**Exercise brief**
The required lines are those that contain "Image"; pull them out of the data and copy them.

**Input data**
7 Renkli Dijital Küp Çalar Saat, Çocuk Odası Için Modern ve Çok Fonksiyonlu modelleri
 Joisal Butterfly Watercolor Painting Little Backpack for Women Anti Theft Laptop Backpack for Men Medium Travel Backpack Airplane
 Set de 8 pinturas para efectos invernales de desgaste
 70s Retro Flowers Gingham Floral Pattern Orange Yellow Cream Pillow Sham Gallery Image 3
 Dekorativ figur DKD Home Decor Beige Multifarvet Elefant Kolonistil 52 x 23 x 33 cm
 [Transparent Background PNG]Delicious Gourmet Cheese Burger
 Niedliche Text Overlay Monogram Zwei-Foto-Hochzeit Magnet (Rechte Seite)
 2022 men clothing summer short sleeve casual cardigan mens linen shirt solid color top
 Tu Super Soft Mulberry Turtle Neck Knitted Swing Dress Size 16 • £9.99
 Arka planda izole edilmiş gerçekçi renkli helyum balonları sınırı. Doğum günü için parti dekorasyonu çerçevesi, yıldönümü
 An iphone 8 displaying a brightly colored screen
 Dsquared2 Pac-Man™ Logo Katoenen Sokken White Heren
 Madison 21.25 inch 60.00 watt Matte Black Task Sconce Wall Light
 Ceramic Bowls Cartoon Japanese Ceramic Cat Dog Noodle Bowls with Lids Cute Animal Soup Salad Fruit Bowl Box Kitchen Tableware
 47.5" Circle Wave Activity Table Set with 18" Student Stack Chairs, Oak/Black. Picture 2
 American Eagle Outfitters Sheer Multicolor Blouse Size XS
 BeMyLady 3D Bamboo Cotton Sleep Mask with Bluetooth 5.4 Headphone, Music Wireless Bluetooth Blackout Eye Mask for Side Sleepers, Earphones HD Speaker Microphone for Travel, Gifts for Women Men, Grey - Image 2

**Reply**
 70s Retro Flowers Gingham Floral Pattern Orange Yellow Cream Pillow Sham Gallery Image 3
 BeMyLady 3D Bamboo Cotton Sleep Mask with Bluetooth 5.4 Headphone, Music Wireless Bluetooth Blackout Eye Mask for Side Sleepers, Earphones HD Speaker Microphone for Travel, Gifts for Women Men, Grey - Image 2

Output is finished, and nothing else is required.